That is good information about the sister EV. I will add that in the recent cold snap from the "Polar Vortex" today in the DC area, I found a 65% drop in the battery over 45 miles. Temperatures hovered around freezing (28-35 F). That should amount to a total range of 45 miles/65% * 100% = 69 miles. That's driving somewhat aggressively (less conservative) with the climate control on.

I ignore the range indicator because I think it doesn't give me anything useful. The battery percentage seems to be more reliable. Still I have noticed that the 100% drops to 99% almost immediately. I think that's because rounding is by truncation here, so 99.9% gets rounded down to 99% depending on the internal precision. That makes range estimates based on the percentage a little trickier, but it won't be too important with long drives anyway.

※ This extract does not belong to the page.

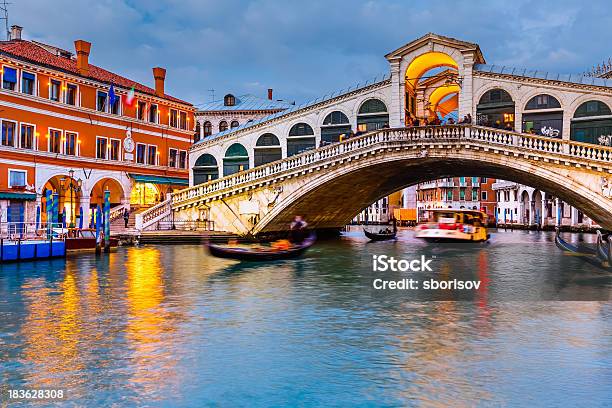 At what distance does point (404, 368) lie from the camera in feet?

It looks like the range indicator may be updated in the 2015 model based on the 200 km ranges shown on the dashboard displays in the newer reviews. It's possible that the range on the 2014 is based on the wall efficiency also displayed, and that's probably a mistake that gives lower range estimates. I would expect a future firmware update to fix all this.

 

[heikospallek]

I am still puzzled that some people talk about 80 miles range (without range extender) and I have never seen more than 67 miles in E mode.

 

[sendler2112]

It's going to be the same basic configuration as the RAV4.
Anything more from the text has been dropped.